16.05.2005


Theodor Ickler

Jeder gegen jeden

Es ist bekannt, daß die Reformer heillos zerstritten waren, bevor sie ihr Werk ablieferten.
Das ging bis ins Persönliche (Sitta und Gallmann gegen Nerius – im Fußnotenkrieg noch faßbar, es gibt aber auch mündliche Überlieferungen). Nerius hatte für die meisten Neuerungen, insbesondere für Augsts Ideen, nur Verachtung übrig. Das alles braucht uns nicht sehr zu interessieren. Zur Sache gehört aber, daß praktisch alle Reformer schon damals wußten, wie schlecht ihr Werk war. Nerius distanzierte sich bereits 1996 ("Die Neuregelung der deutschen Rechtschreibung". Berlin: Volk und Wissen) von der vermehrten Großschreibung überhaupt und insbesondere der Tageszeiten, von der Kleinschreibung fester Begriffe, von der Augstschen Etymogelei, von der gewaltsamen Getrenntschreibung, von der Nichttrennung des ck, vom Komma nach wörtlicher Rede und Ausrufe-/Fragezeichen und vom Apostroph als Genitivzeichen sowie der endlosen Vermehrung der Varianten. Gallmann und Sitta erklärten die Neuregelung pauschal für "nicht gut" und hatten auch in Einzelheiten viel Kritik anzubringen. Die Kommasetzung wurde von Gallmann in Grund und Boden kritisiert und durch eine Rekonstruktion der bisherigen ersetzt. Augst war zwar stolz darauf, daß er eine Reform auf den Weg gebracht hatte, aber er wußte auch, daß sie inhaltlich nichts mehr mit seinen "geliebten Zielen" zu tun hatte – bis auf die Etymogeleien, die aber dann das ganze Unternehmen in Mißkredit brachten. Der blasse Heller gestand die Mißratenheit mancher Regel ohne weiteres ein und schob sie auf den Kompromißcharakter des Regelwerks, also auf die anderen. Blüml relativierte, es komme sowieso nicht auf die Regeln an, sondern auf die Entmachtung des Duden. Wie Munske das Unternehmen beurteilte, zeigte sich sehr bald.

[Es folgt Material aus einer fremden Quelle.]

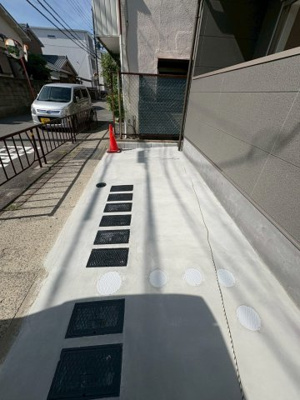 【駐車場】 | イル・フィオーレ一津屋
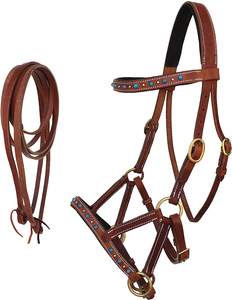 Arnés ecuestre de alta calidad, gran oferta, venta al por mayor - Product Image 6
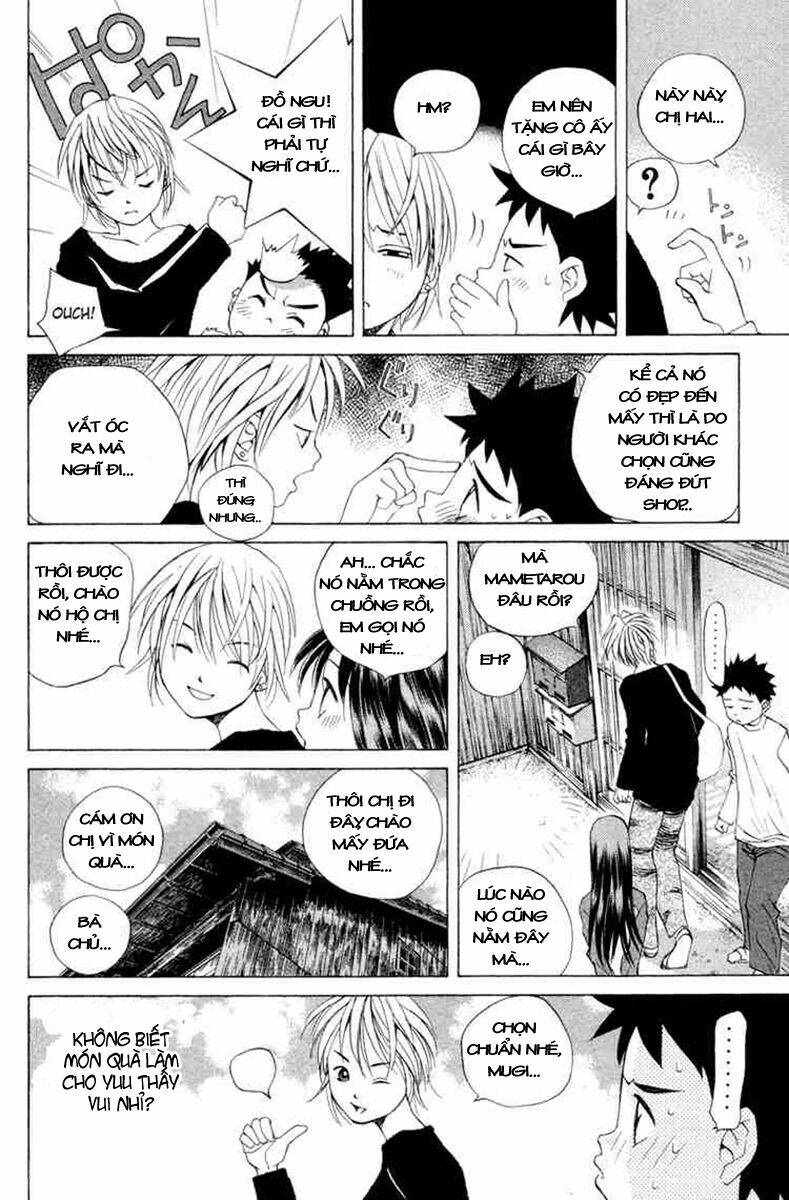 Pastel Chapter 39 - TC Truyện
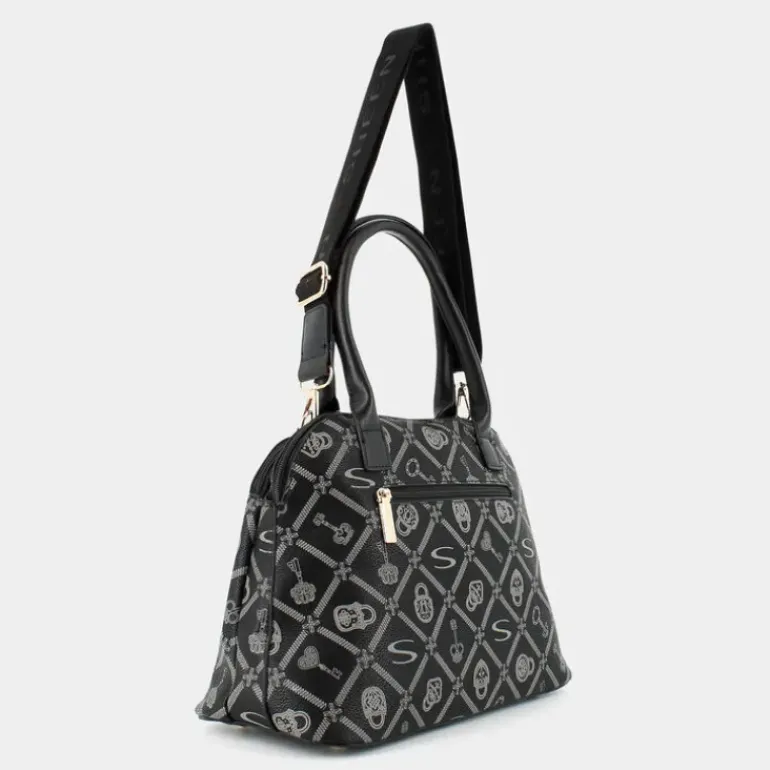 FOREVER- BORSE NERO-NERO LJ-E25-03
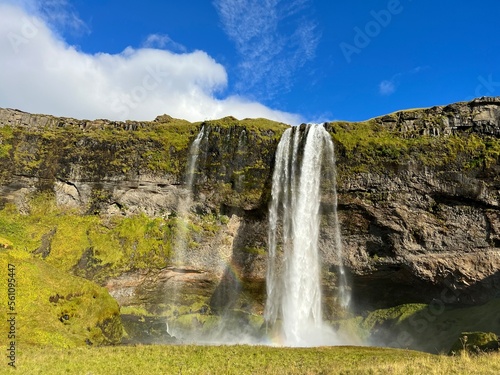 Journey through Iceland 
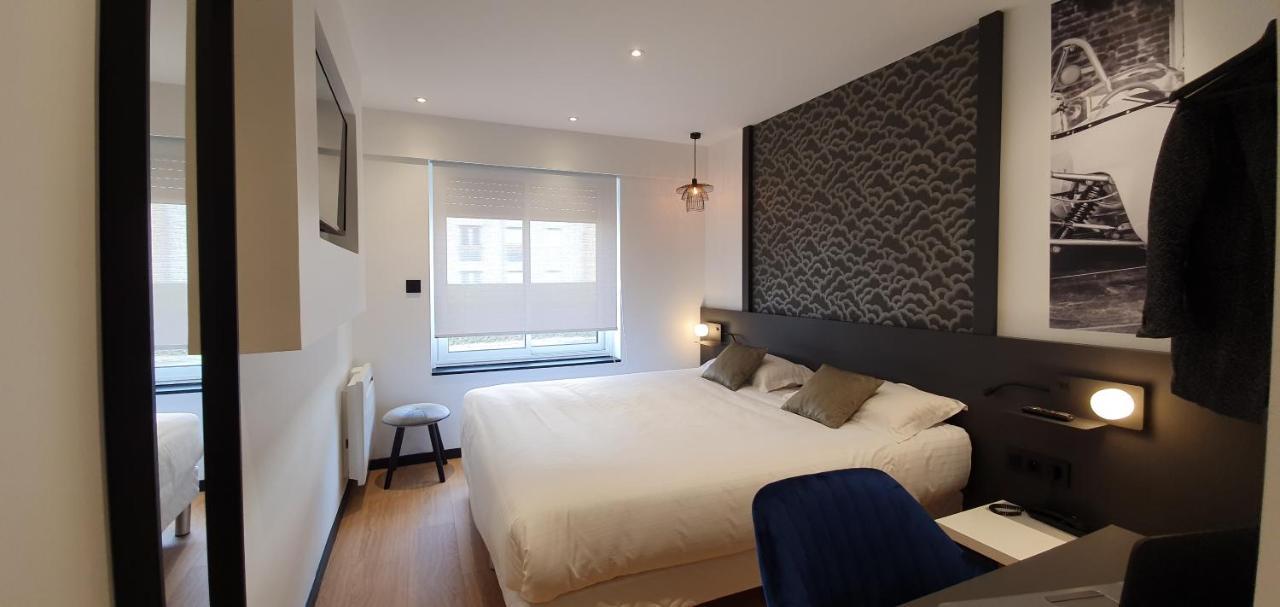 The Originals Boutique, Hotel La Chaussairie, Rennes Sud Chartres-de-Bretagne Екстер'єр фото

Wie wenig die Väter der Reform von ihrem Kind hielten, zeigte sich z. B. an der Dissertation von Gunnar Böhme "Zur Entwicklung des Dudens ...", die von Nerius betreut und von Augst mitherausgegeben wurde: 2001 in alter Rechtschreibung! Böhme begründete das im Vorwort u. a. mit einer "Verbeugung vor Konrad Duden" ...
Auch der repräsentative Kommentar zur Neuregelung, der bekannte Sammelband von Augst, Blüml et al. erschien 1997 in klassischer Rechtschreibung.

Man versteht vieles an der ganzen Diskussion besser, wenn man weiß, daß die Reformer von Anfang an gegen ihre Überzeugung handelten und etwas verteidigten, was sie selbst für nicht gelungen hielten. Liest man die unveröffentlichten Stellungnahmen aus dem neuen "Rat", dann kommt man aus dem Staunen nicht heraus, was da alles gefordert wird: gemäßigte Kleinschreibung, Abschaffung des ß ... War das der Zweck der Übung? Ein solches Durcheinander anrichten, damit dann die "geliebten Ziele" von einst als Rettung dargestellt werden können?